The political direction of which Ariel Sharon’s disengagement plan forms a part is the most significant development in Israeli policy making since 1967. It is an attempt to finally free the Israeli political discussion from the squabble between rival utopias that has dominated it since the 1970s.
The first of these promised utopias, that of the left, has already largely vanished from the public discourse – a victim of the cataclysmic failure of the Oslo process of the 1990s. This project posited a historic compromise between Israel and Palestinian nationalism, based on the ascendancy of shared, rational economic interests. As it turned out, the shared interests were perceived by only one of the sides. The collapse of Oslo cast the proponents of the possibility of rapprochement between Zionist Israel and the leadership of Palestinian nationalism as currently constituted into political irrelevance.
The result of the eclipse of the left is that the drama of the clash of ideas in Israel is currently taking place in the center-rightward side of the arena. The battle is being fought between a disenchanted, realist outlook, as represented by Ariel Sharon and his allies, and the redemptive ambitions of the religious nationalist camp. The flagship of the latter has for a generation been the settlement enterprise in Judea, Samaria and Gaza. Nevertheless, it should be understood that the clash between Sharon and the Yesha Council [representing settlements in Judea, Samaria and Gaza] is not ultimately an argument over demarcation and real estate. Rather, it is about fundamentally differing conceptions of democracy, of Jewish statehood, and ultimately of the very dynamics governing international affairs.
For right-of-center Israelis, the right to construct Jewish communities in Judea, Samaria and Gaza is axiomatic. And in a society increasingly demobilized, fragmented and self-critical, the apparent willingness of the settlers to cleave to old, treasured values and pay the price for them awakened the admiration of circles far beyond the religious nationalist public from which their leadership has been drawn.
Nevertheless, it is becoming increasingly apparent that the agenda of the most militant elements of the Yesha leadership, and their political allies in, for example, the Jewish leadership group of Moshe Feiglin, are far from the concerns, ambitions and desires of the greater part of the Israeli Jewish public. They are also far from anything resembling classical Zionism.
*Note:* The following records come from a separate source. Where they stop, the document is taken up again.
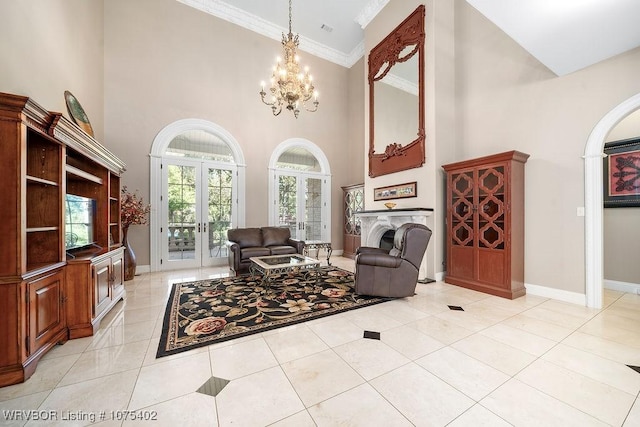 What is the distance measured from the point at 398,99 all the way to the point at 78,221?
18.5ft

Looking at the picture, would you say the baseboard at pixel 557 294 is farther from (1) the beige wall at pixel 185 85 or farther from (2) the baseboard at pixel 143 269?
(2) the baseboard at pixel 143 269

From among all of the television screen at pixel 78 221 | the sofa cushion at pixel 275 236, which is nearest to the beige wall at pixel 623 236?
the sofa cushion at pixel 275 236

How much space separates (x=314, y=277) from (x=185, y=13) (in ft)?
20.2

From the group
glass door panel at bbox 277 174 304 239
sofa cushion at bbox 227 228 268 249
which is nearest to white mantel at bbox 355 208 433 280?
glass door panel at bbox 277 174 304 239

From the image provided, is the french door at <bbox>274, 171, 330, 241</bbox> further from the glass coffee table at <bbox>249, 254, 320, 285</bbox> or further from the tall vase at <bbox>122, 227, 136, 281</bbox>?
the tall vase at <bbox>122, 227, 136, 281</bbox>

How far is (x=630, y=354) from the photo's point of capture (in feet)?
6.53

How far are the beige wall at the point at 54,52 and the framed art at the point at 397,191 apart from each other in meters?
5.22

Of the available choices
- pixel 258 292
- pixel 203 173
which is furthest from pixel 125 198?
pixel 258 292

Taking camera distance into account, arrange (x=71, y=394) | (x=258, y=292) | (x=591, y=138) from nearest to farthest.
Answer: (x=71, y=394) < (x=591, y=138) < (x=258, y=292)

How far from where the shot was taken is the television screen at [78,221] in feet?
7.93

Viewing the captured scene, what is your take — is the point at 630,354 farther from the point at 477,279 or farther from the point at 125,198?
the point at 125,198

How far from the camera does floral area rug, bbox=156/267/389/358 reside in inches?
91.6

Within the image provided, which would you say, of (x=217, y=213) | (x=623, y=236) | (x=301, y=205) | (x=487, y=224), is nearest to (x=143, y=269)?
(x=217, y=213)

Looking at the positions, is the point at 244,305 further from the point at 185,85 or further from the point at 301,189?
the point at 185,85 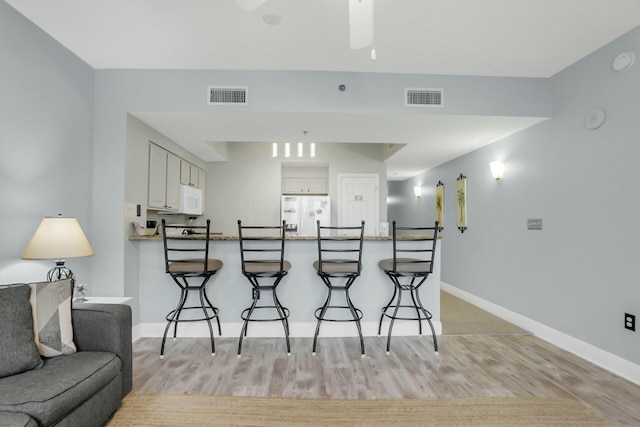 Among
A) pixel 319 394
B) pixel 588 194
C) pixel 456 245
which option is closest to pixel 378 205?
pixel 456 245

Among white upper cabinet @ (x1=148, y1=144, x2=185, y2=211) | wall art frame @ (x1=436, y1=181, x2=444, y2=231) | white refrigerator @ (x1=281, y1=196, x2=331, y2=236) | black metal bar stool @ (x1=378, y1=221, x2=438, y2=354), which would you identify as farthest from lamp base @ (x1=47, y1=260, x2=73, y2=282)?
wall art frame @ (x1=436, y1=181, x2=444, y2=231)

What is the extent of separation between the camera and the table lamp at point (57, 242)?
2229 mm

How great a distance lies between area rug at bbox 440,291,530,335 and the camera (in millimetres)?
3569

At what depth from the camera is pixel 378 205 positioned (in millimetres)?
6273

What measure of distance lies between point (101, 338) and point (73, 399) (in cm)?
47

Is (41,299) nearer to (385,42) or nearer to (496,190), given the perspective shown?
(385,42)

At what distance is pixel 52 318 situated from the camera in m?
1.86

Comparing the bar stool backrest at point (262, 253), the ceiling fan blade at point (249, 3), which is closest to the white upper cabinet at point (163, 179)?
the bar stool backrest at point (262, 253)

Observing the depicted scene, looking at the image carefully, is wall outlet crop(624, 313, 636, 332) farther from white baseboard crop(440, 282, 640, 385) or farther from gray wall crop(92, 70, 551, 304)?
gray wall crop(92, 70, 551, 304)

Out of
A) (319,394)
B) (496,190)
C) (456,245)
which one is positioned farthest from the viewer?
(456,245)

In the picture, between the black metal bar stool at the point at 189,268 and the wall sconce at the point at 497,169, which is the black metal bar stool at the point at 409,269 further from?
the black metal bar stool at the point at 189,268

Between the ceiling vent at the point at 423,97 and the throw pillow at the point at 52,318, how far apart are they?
125 inches

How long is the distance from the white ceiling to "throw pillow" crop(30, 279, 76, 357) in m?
1.91

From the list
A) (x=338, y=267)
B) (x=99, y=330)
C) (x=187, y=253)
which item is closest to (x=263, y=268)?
(x=338, y=267) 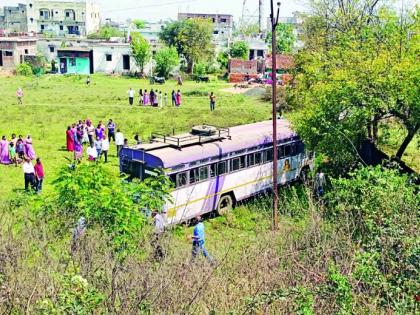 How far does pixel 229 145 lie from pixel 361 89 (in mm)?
3733

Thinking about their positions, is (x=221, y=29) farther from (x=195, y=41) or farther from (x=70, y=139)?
(x=70, y=139)

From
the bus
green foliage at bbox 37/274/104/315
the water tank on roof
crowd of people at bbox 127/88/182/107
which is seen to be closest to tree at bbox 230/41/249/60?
crowd of people at bbox 127/88/182/107

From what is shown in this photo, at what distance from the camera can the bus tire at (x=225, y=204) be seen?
1534 cm

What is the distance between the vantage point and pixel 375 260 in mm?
7125

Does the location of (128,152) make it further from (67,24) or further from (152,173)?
(67,24)

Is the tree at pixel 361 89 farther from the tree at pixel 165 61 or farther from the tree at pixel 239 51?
the tree at pixel 239 51

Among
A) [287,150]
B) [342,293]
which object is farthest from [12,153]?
[342,293]

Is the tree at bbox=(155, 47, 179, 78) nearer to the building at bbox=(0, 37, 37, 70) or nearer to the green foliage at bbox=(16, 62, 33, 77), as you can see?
the green foliage at bbox=(16, 62, 33, 77)

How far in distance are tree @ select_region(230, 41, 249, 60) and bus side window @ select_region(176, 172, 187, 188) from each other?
143 ft

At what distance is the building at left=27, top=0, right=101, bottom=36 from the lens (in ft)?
295

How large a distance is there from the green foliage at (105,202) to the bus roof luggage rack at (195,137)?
3490 mm

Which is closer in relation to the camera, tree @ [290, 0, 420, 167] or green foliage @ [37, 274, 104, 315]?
green foliage @ [37, 274, 104, 315]

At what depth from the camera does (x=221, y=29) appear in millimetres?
81375

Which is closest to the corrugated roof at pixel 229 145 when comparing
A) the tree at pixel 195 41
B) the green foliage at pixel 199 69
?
the green foliage at pixel 199 69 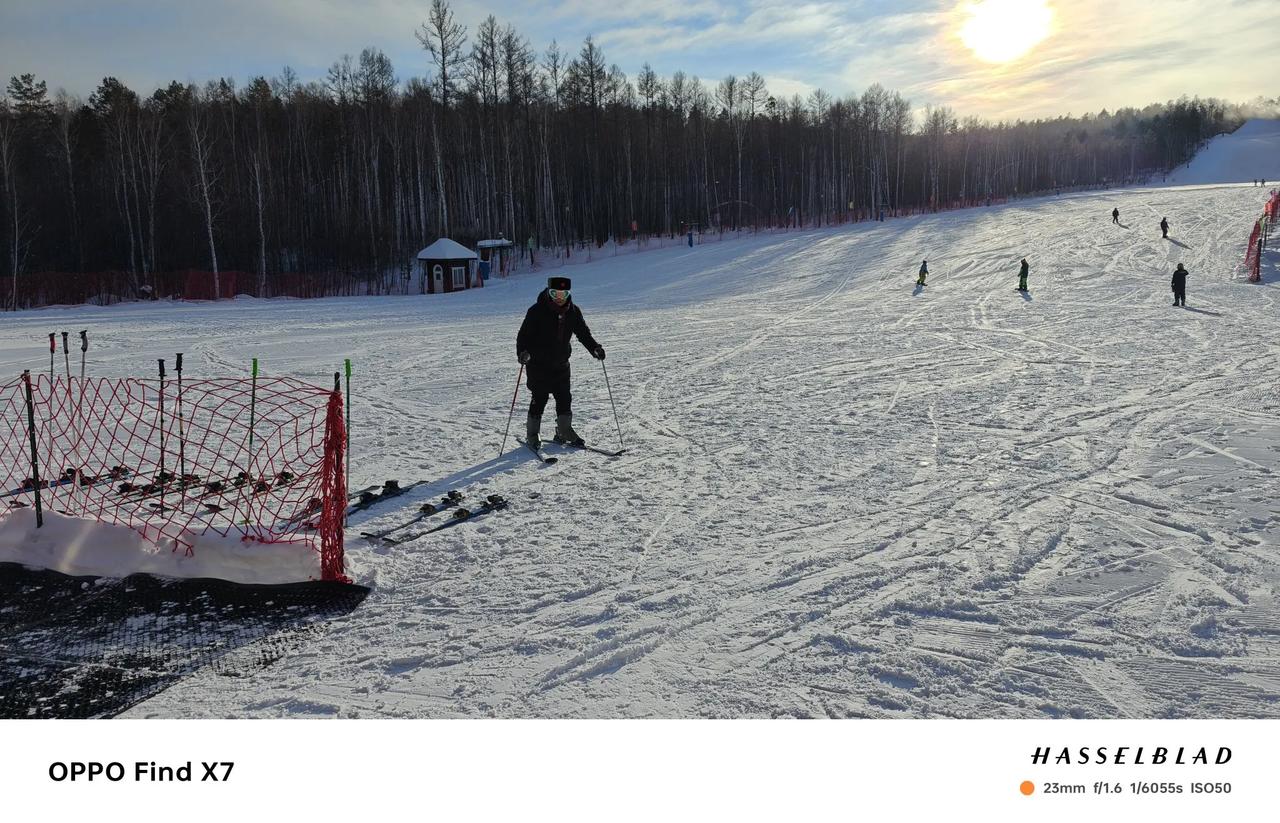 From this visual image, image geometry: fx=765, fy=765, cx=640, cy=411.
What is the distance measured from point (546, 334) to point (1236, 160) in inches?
5035

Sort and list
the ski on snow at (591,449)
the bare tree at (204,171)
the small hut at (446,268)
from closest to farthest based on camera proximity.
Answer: the ski on snow at (591,449)
the bare tree at (204,171)
the small hut at (446,268)

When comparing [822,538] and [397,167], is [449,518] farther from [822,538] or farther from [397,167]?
[397,167]

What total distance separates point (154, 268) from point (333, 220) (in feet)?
39.9

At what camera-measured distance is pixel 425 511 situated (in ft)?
19.7

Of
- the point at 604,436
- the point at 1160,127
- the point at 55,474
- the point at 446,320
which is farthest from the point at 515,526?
the point at 1160,127

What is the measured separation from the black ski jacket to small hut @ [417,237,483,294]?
28093mm

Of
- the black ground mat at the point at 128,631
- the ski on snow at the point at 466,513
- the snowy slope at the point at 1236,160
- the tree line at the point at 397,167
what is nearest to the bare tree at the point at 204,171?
the tree line at the point at 397,167

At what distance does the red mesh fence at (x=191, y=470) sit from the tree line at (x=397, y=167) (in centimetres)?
2321

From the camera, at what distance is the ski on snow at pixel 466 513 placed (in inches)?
221

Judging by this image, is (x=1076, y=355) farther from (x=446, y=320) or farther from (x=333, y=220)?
(x=333, y=220)

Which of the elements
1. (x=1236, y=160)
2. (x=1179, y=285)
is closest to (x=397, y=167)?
(x=1179, y=285)

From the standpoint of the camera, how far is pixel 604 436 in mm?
8758

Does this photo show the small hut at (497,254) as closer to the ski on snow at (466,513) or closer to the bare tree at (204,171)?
the bare tree at (204,171)

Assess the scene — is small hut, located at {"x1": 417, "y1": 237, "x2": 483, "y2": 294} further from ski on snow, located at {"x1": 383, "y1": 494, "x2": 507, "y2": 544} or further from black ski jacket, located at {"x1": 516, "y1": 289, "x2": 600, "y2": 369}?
ski on snow, located at {"x1": 383, "y1": 494, "x2": 507, "y2": 544} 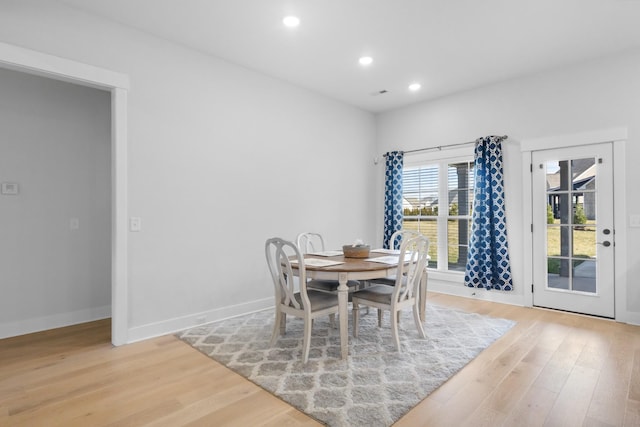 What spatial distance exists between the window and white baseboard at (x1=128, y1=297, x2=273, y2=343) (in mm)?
2560

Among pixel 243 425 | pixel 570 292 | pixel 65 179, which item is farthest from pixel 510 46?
pixel 65 179

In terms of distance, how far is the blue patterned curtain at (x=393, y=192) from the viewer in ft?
17.7

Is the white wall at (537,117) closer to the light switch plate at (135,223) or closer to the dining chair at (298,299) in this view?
the dining chair at (298,299)

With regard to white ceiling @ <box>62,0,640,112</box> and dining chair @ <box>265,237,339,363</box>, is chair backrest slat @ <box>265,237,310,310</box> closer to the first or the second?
dining chair @ <box>265,237,339,363</box>

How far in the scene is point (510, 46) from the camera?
137 inches

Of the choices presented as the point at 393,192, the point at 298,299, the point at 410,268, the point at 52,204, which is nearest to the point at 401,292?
the point at 410,268

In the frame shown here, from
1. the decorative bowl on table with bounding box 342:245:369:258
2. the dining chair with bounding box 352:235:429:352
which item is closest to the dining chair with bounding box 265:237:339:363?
the dining chair with bounding box 352:235:429:352

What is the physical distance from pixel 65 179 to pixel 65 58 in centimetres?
138

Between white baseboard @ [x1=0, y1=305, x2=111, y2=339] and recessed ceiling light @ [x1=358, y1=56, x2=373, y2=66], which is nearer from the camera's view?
white baseboard @ [x1=0, y1=305, x2=111, y2=339]

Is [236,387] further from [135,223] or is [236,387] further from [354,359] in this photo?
[135,223]

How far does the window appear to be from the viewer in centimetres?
487

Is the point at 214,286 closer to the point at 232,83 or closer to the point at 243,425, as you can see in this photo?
the point at 243,425

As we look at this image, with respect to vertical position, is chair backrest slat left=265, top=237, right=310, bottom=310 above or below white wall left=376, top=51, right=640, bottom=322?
below

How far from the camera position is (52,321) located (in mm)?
3514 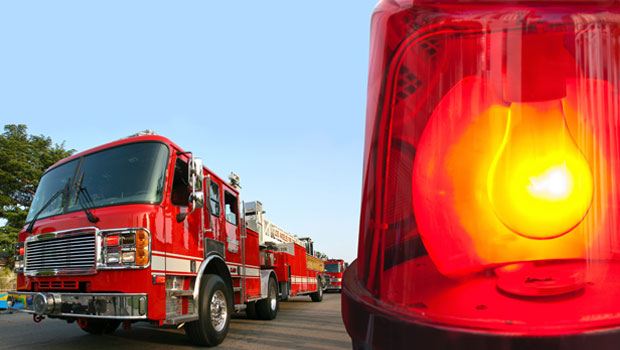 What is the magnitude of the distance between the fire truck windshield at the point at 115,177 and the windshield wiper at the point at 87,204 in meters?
0.03

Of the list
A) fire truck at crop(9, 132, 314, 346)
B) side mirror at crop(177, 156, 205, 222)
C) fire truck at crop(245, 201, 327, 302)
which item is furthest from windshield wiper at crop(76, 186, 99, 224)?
fire truck at crop(245, 201, 327, 302)

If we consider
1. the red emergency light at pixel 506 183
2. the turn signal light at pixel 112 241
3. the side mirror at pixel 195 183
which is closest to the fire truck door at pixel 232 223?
the side mirror at pixel 195 183

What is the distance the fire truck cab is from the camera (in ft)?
16.4

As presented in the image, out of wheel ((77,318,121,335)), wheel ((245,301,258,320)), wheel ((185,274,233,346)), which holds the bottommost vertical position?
wheel ((245,301,258,320))

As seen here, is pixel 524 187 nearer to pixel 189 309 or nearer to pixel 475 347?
pixel 475 347

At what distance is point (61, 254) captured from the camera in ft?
17.8

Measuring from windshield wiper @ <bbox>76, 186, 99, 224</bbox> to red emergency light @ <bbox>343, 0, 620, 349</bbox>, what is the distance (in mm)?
4814

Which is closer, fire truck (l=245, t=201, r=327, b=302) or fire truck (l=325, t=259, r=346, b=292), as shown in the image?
fire truck (l=245, t=201, r=327, b=302)

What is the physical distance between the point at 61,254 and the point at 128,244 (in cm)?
102

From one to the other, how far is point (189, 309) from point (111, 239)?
1.25m

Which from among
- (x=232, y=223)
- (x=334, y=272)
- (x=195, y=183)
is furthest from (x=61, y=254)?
(x=334, y=272)

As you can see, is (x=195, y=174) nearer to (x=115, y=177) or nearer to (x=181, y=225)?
(x=181, y=225)

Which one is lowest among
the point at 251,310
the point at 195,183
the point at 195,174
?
the point at 251,310

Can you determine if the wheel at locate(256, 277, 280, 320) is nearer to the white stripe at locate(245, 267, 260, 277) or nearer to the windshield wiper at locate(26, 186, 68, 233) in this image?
the white stripe at locate(245, 267, 260, 277) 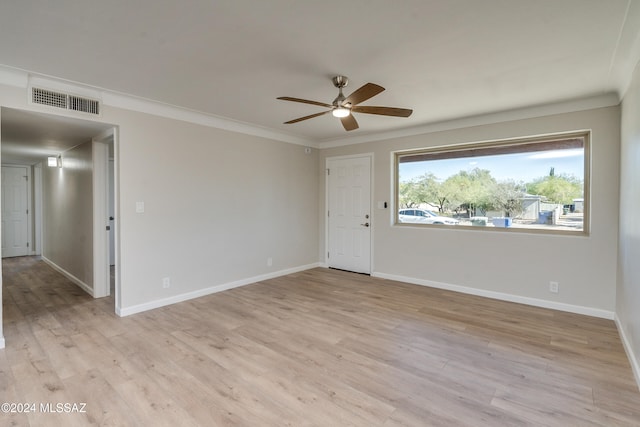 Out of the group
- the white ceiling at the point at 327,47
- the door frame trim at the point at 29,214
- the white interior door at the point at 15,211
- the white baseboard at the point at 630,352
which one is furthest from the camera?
the door frame trim at the point at 29,214

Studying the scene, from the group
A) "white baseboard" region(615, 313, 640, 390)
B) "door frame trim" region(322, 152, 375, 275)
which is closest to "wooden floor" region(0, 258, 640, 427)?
"white baseboard" region(615, 313, 640, 390)

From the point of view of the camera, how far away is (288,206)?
5480mm

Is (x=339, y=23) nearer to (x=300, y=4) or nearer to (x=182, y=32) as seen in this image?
(x=300, y=4)

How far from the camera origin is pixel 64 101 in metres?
3.05

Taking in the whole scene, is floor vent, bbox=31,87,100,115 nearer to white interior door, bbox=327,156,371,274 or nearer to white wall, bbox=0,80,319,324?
white wall, bbox=0,80,319,324

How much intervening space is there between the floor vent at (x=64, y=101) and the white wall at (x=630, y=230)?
16.1ft

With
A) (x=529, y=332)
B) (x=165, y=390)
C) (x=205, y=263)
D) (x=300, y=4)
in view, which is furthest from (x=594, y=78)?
(x=205, y=263)

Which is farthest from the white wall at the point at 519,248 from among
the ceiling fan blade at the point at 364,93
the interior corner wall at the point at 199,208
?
the ceiling fan blade at the point at 364,93

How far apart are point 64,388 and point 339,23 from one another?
3106 mm

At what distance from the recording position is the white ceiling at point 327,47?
188 centimetres

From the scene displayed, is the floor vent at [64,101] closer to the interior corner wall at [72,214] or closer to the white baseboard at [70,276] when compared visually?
the interior corner wall at [72,214]

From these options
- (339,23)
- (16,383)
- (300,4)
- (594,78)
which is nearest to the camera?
(300,4)

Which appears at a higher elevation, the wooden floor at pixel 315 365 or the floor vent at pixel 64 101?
the floor vent at pixel 64 101

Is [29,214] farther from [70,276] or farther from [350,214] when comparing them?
[350,214]
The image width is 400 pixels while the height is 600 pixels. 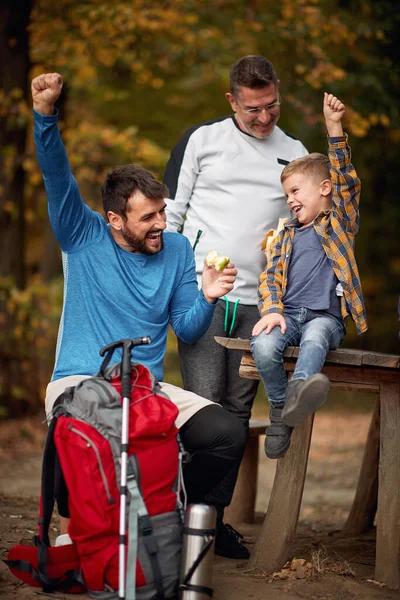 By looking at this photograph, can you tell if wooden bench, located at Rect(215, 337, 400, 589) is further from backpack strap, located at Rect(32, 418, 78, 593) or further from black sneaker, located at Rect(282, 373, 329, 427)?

Feiglin, the controller of around 130 votes in the Likud Party Central Committee, and one of the architects of the prime minister’s defeat in the Likud referendum in April 2004, openly advocates disobedience by Israel Defense Forces soldiers to thwart disengagement. “No one can overcome God’s will to keep us in Gaza,” he tells his followers. He also favors stripping Arab Israelis of their citizenship, ending military service for women and establishing a Sanhedrin on the Temple Mount. Such views, exotic and bizarre to the Israeli mainstream, are representative of the wilder streams now preparing civil disobedience. The clash between Feiglin and his allies and the prime minister and his camp is thus about more than disengagement from Gaza and part of northern Samaria. With increasingly unveiled calls to sedition being heard, it is shaping up to be about the right of elected government to govern, and a clash between the advocates of Jewish nationalism as we have known it and the partisans of something else entirely.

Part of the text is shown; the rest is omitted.